# PCA performance



## Vibrant (Dec 7, 2009)

I had a fabulous time at PCA with my dogs! It's awesome to be surrounded by poodles!
Cheers (UCD Cantope Triple Threat CGN CDX RE) was a wonderful girl, and she won the Rally Novice B class with a perfect score (out of 28 dogs), got fourth in Obedience Novice B (out of 18 dogs), and won the Wildcard Novice class. Troy (Can Ch Bibelot Tolka VIP of Vibrant CGC), passed his Canine Good Citizen test and showed very well at the silver match.
What a fantastic show PCA is!! I love that it showcases poodles as beautiful dogs that are able to work in many different venues.


----------



## ArreauStandardPoodle (Sep 1, 2009)

Congratulations Vibrant!!! How awesome is that. Even more titles for Thinker's kids and grandkids......1 mom would be very proud of you and the kids.

I am thinking we might go next year. Is it worth the trip for spectators.? Maybe one day we'll have our new Quincy there!


----------



## Vibrant (Dec 7, 2009)

I am thinking we might go next year. Is it worth the trip for spectators.? Maybe one day we'll have our new Quincy there![/QUOTE]
Absolutely, it is worth going as a spectator!
Why not plan on entering your reds/apricots in the match on Monday?
I also took advantage of the health testing they offered....in 2007 I had Seiko tested for ASD, and this year I had Troy CERF'd.
It's an amazing show. Everywhere you look there's poodles!!


----------



## ArreauStandardPoodle (Sep 1, 2009)

Vibrant said:


> I am thinking we might go next year. Is it worth the trip for spectators.? Maybe one day we'll have our new Quincy there!
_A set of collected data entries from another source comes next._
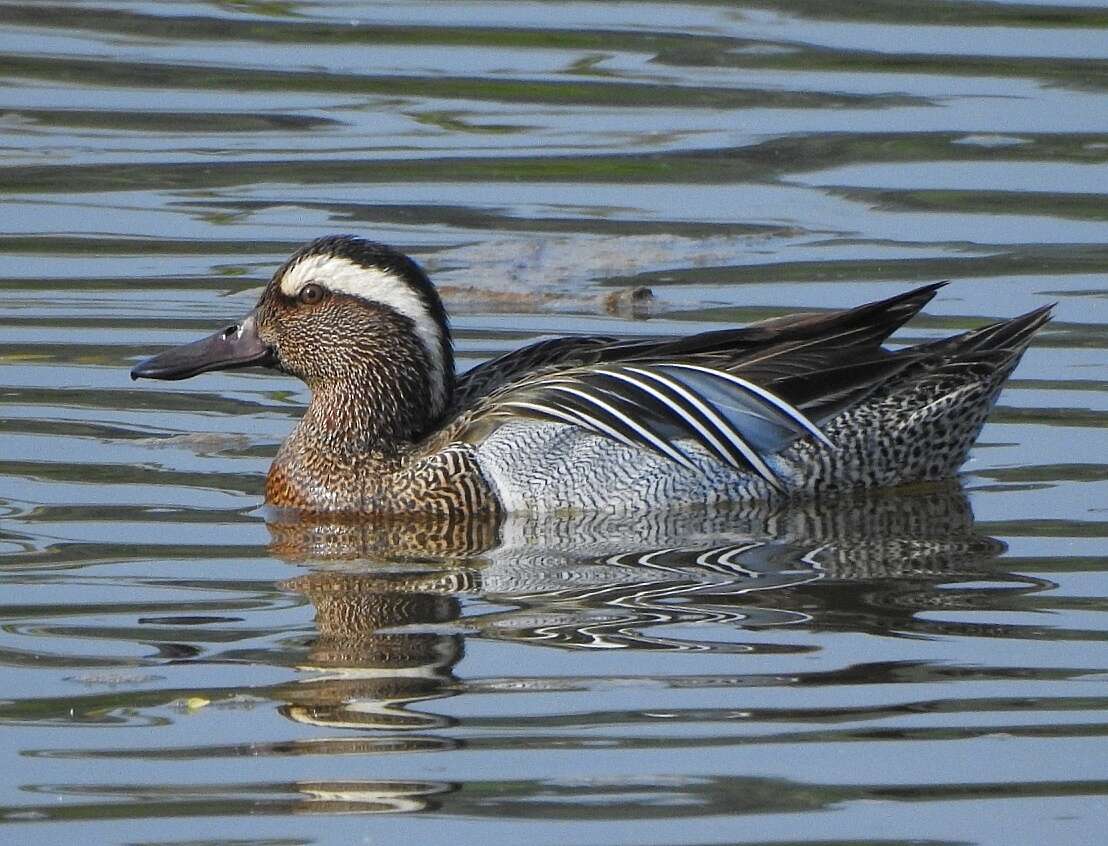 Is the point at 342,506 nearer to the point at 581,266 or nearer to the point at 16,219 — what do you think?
the point at 581,266

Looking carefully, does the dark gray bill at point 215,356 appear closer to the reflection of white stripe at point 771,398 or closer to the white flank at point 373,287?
the white flank at point 373,287

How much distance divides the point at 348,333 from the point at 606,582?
2.21m

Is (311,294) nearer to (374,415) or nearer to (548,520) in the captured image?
(374,415)

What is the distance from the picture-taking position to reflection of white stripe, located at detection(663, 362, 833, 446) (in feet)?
31.9

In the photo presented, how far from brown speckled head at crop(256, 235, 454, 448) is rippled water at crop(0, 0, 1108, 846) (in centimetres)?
48

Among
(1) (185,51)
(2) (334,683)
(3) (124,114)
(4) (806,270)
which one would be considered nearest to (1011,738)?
(2) (334,683)

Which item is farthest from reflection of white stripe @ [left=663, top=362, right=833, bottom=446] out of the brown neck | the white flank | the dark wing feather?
the brown neck

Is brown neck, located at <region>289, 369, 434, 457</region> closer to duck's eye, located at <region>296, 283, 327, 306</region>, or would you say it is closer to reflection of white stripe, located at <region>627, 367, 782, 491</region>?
duck's eye, located at <region>296, 283, 327, 306</region>

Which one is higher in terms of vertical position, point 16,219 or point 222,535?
point 16,219

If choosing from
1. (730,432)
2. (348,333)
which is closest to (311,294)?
(348,333)

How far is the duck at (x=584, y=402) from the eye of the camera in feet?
31.5

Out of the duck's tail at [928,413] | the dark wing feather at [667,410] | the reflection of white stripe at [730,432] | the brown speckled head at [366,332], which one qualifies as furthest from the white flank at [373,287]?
the duck's tail at [928,413]

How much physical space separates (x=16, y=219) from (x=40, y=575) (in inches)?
212

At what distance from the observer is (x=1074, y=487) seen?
372 inches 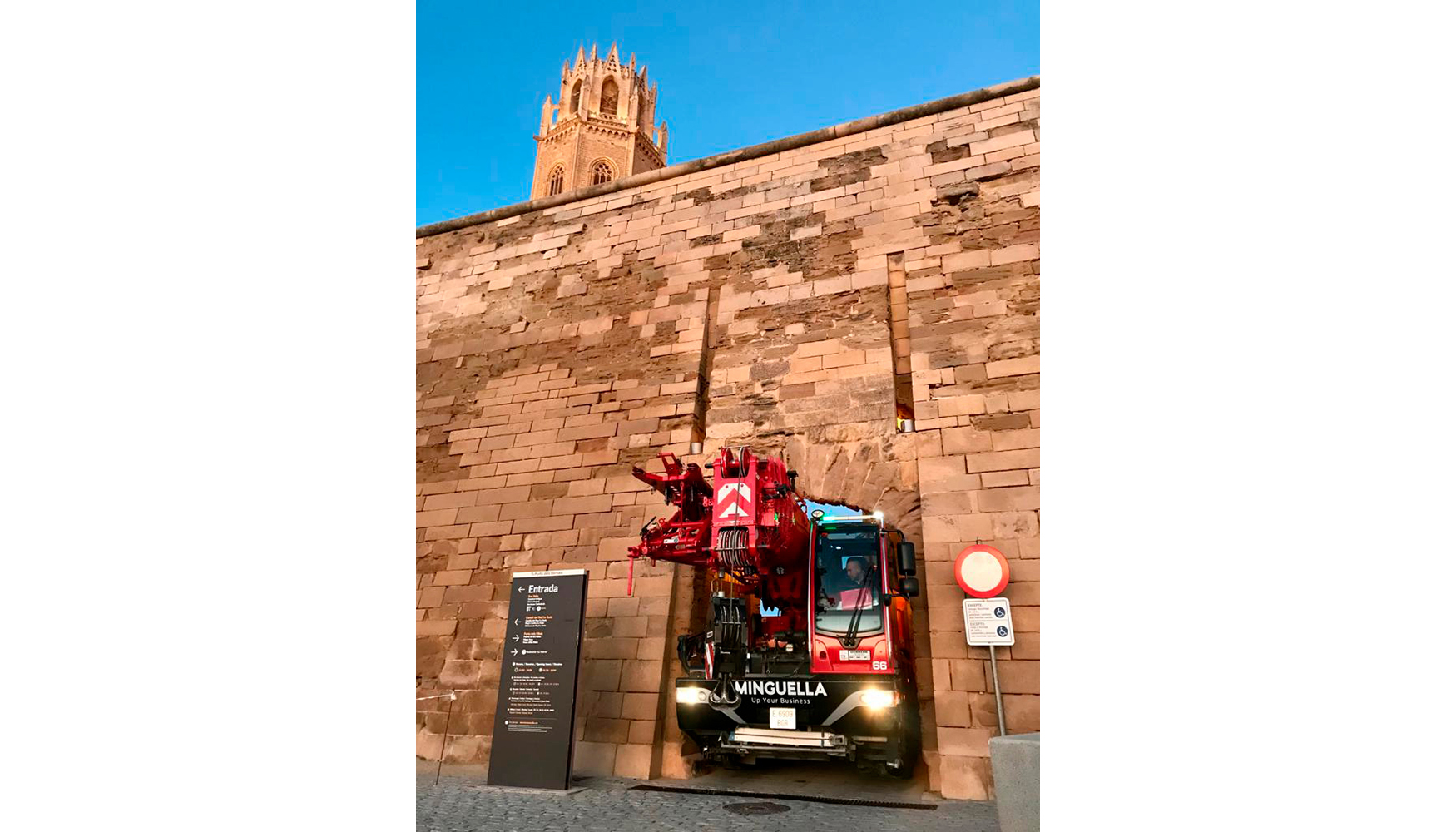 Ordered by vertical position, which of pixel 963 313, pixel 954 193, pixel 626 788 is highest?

Absolutely, it is worth going as a spectator!
Why not plan on entering your reds/apricots in the match on Monday?
I also took advantage of the health testing they offered....in 2007 I had Seiko tested for ASD, and this year I had Troy CERF'd.
It's an amazing show. Everywhere you look there's poodles!! [/QUOTE]

Laurie Campbell said it just gives you goosebumps to see so many specials in one place! We'll see. I have a gorgeous black boy coming from Iceland, and he may be shown. I am glad you had a good time!!! Are the tests a lot cheaper at the show?


----------



## TangoPoodles (May 9, 2010)

Congratulations Vibrant ! It was great to see you there! PCA is always such a fabulous time! I recommend it to anyone who loves Poodles!


----------



## partial2poodles (Feb 11, 2010)

I'm going for sure next year. I think I would prefer that show to Westminster anyday. All I ever really go to watch are the poodles. Oh I also love watching the Chinese Crested's do their little pony-prancing around the ring too.


----------



## cbrand (Aug 9, 2009)

Well done!


----------



## Vibrant (Dec 7, 2009)

Thanks. I am pretty proud of my girl. I've been spoilt by how easy she is to train.


----------



## cbrand (Aug 9, 2009)

How long have you have your Open title? I thought that once you had a CDX you could not show in Novice.


----------



## tintlet (Nov 24, 2009)

Nice !!!


----------



## Vibrant (Dec 7, 2009)

cbrand said:


> How long have you have your Open title? I thought that once you had a CDX you could not show in Novice.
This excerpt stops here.